So I tho everything was working fine so I didnt check it with wireshark until today.
It turns out nonoe of my queries are being encrypted.
Even with two servers added and everything done as the openwrt wiki explains. If I go to welcome.opendns it shows I'm using OpenDNS tho.
Also I see some brazilian random DNS server if I type netstat -f which makes me think Im getting maninthemiddled pretty hardcore.
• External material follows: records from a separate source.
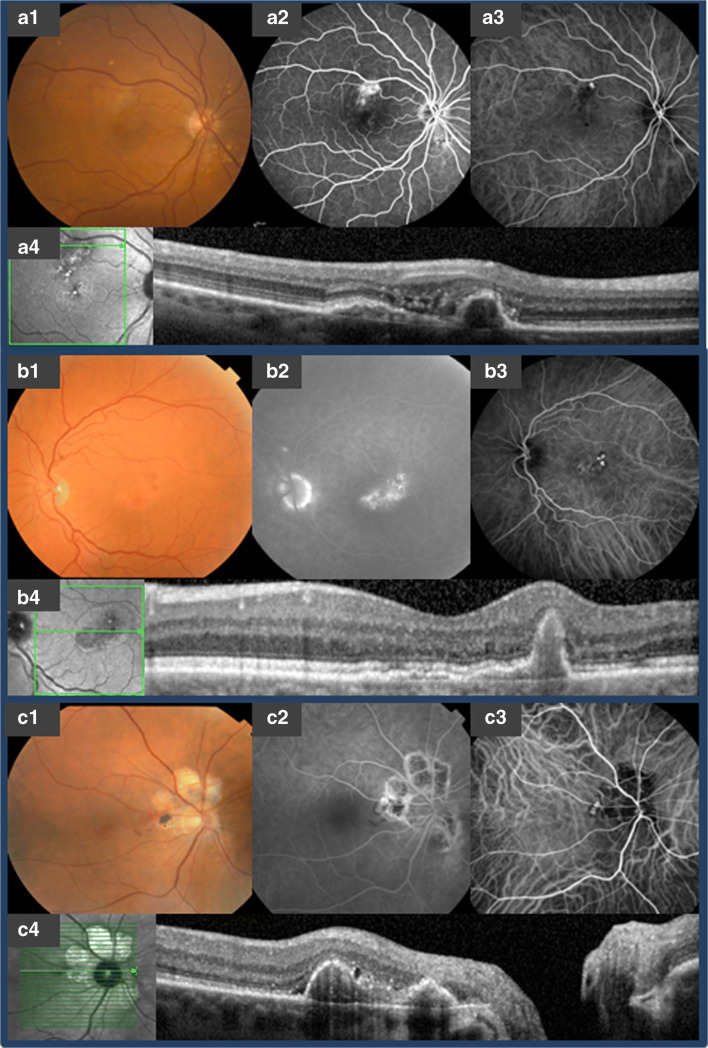 Fig. 1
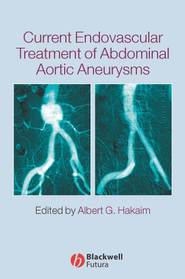 бесплатно читать книгу Current Endovascular Treatment of Abdominal Aortic Aneurysms автора 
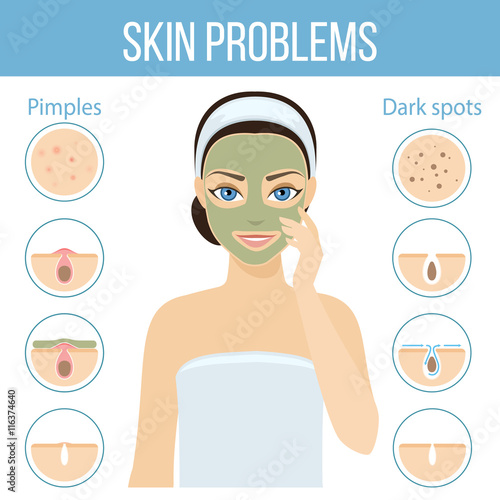 Girl applies cosmetic mask on her face. Skin problems solution, home remedies. Vector stock illustration.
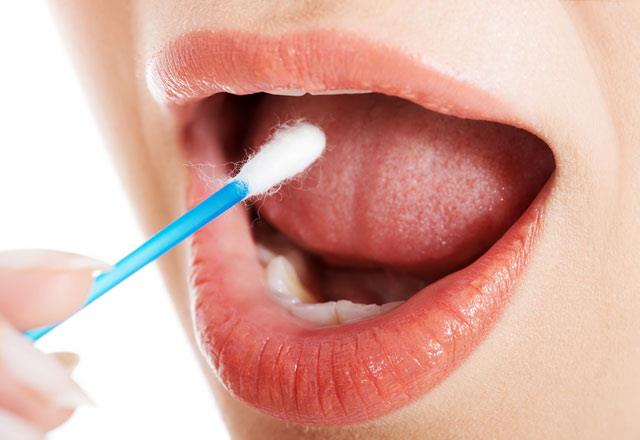 Dil kanserinin tedavisi planlanrken, boyun lenf nodlarnn da srece dahil edilmesi gerektiini kaydeden Alpay, "Cerrahi bir mdahale gndeme gelirse lenf nodlar da cerrahi srasnda karlmaldr.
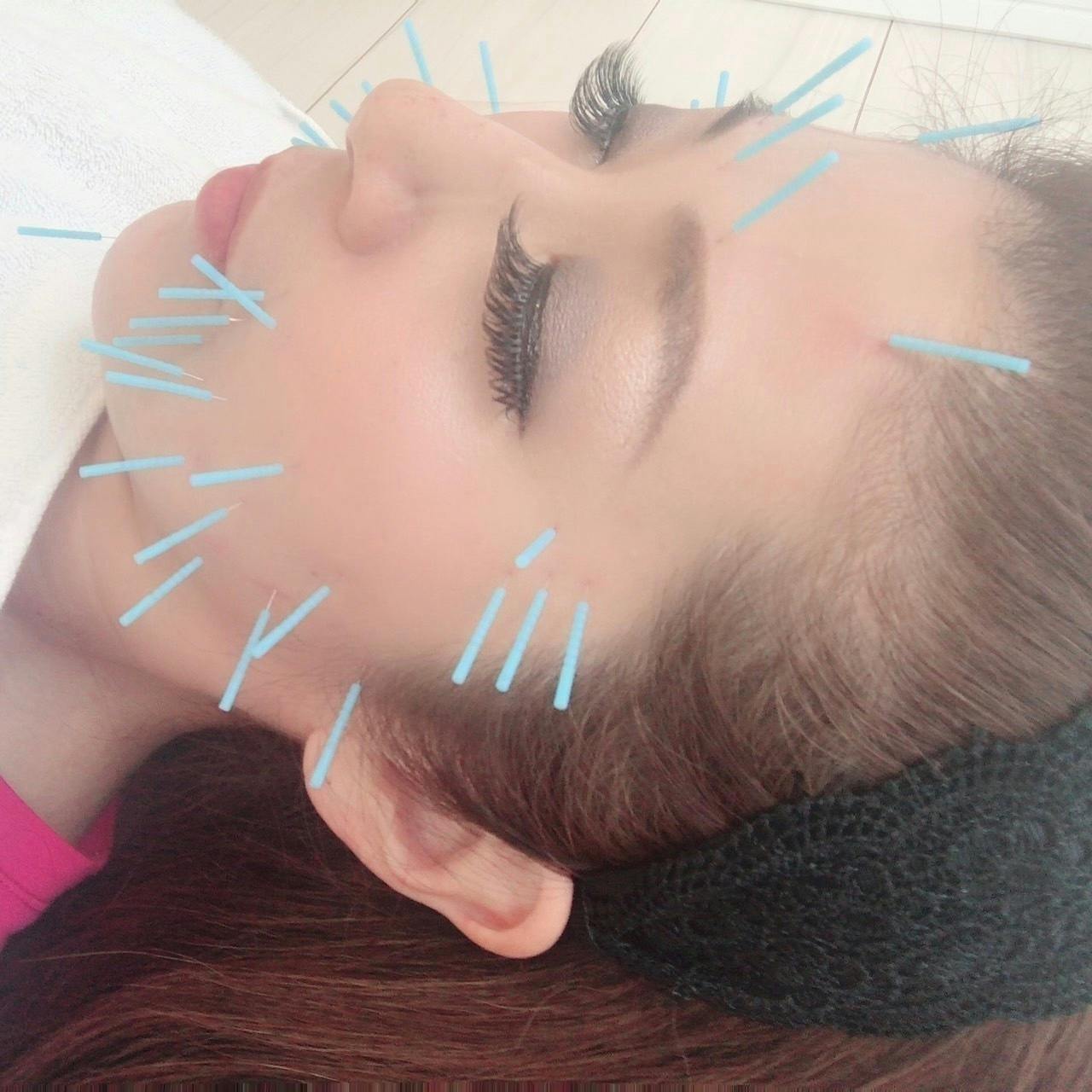 美容鍼とエレクトロポレーションの最強コンビで世の中の女性のキレイの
Any ideas?
Is there any way to stop the connection if DNScrypt doesn't work?
Kinda unrelated question Is dnscrypt.org working for you?
Using this link btw: https://askubuntu.com/questions/105366/how-to-check-if-dns-is-encrypted Checked port 5353, I see all "standard query" nothing encrypted.
If you need help you could start by posting your /etc/config/dhcp and /etc/config/dnscrypt-proxy.
PS. So you wiresharked traffic between your router and ISP?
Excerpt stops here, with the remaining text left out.